Hi everyone! So Rory McIlroy isn’t playing in Memphis, and all of a sudden, folks are upset.
Rory passes on the playoff opener
Rory McIlroy is the only one of the 70 players eligible to compete in this week’s FedEx St. Jude Championship that has opted out of playing in the FedEx Cup playoff opener. Some people are big mad about it, spurring talk of a McIlroy Rule that would compel players to compete throughout the playoffs to collect from the Tour Championship purse.
This is insane.
McIlroy comes into the playoffs ranked second in the points standings, with a lead of about 850 points over third-place Sepp Straka. With the winner in Memphis earning 2,000 points, a pure runner-up earning 1,200 points and a no-ties third-place finisher earning 760 points, McIlroy will be no worse than fourth in the points heading into the second leg at Caves Valley in Maryland next week. And there are scenarios where no one passes McIlroy at all.

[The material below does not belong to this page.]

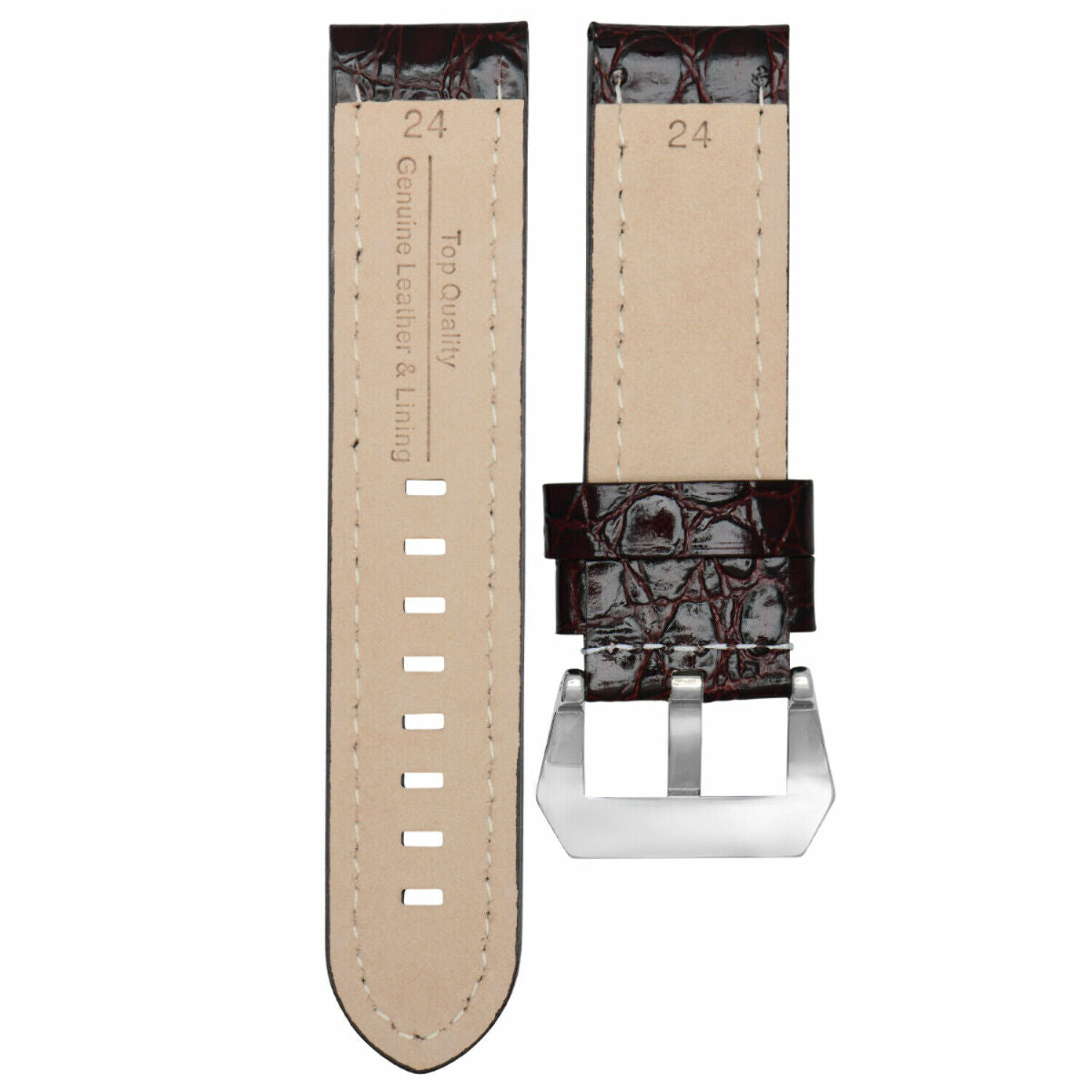 24MM Leather Watch Band Strap for 44MM Big PAM Panerai Marina Luminor GMT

Basically, there’s little incentive for McIlroy to play four days of golf in 90-plus-degree heat at a course he probably doesn’t love. He has more money than he’ll ever need. He just won $10 million on Sunday by finishing second in the regular-season points list, and he didn’t have to pick up a club to do it. He’s won some $65 million in his career in the playoffs. He’s good on cash.
McIlroy said heading into this year that he intended to play less, closer to 20 times. Good luck doing that in a Ryder Cup year. He’s on track to slightly pass that number, and so he’s using this week as an opportunity to take a rest. He’ll play the BMW Championship, the Tour Championship, the BMW PGA Championship and Amgen Irish Open on the DP World Tour, as well as the Ryder Cup and the season finale in Dubai. Fine by me.
The FedEx Cup, while incredibly lucrative and great for the PGA Tour to maintain relevance right into Week 0 of college football, isn’t a major, The Players or the Ryder Cup. It’s not a legacy thing so much as, McIlroy has said, an entertainment product. If the PGA Tour wants a system where missing a playoff event has consequences, change the format. Don’t make participation compulsory. Instead, have a system that eliminates players more harshly — like a true playoff.
Short of that, if McIlroy is there for the bulk of the playoffs, that’s good enough.
Besides, Scottie Scheffler is playing.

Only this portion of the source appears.